= WHAT YOU SHOULD DO =
Below is a listing with pictures in it. Copy it exactly without them.

= DATASET CONTENT =
····················
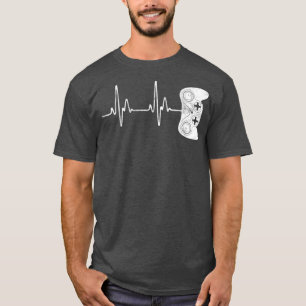 Gamer Heartbeat Gaming Video Game Lover Men Boys T-Shirt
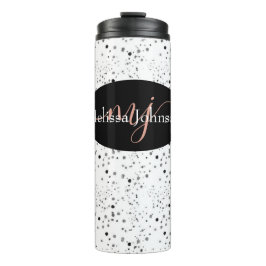 Elegante Rose Gold Buchstaben auf Schwarz Thermal Thermosbecher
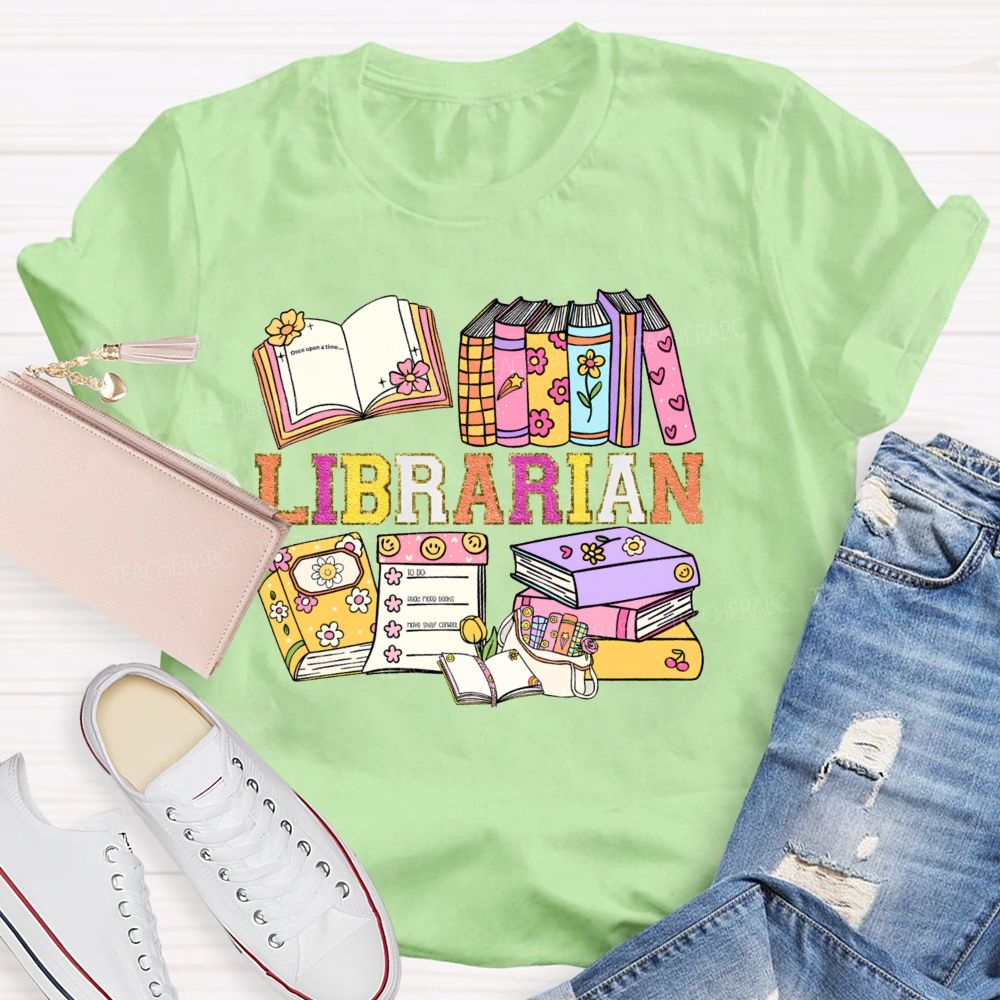Librarian Glitter Letter Books Teacher T-shirt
····················
= SOLUTION BELOW =
 Gamer Heartbeat Gaming Video Game Lover Men Boys T-Shirt
 Elegante Rose Gold Buchstaben auf Schwarz Thermal Thermosbecher
Librarian Glitter Letter Books Teacher T-shirt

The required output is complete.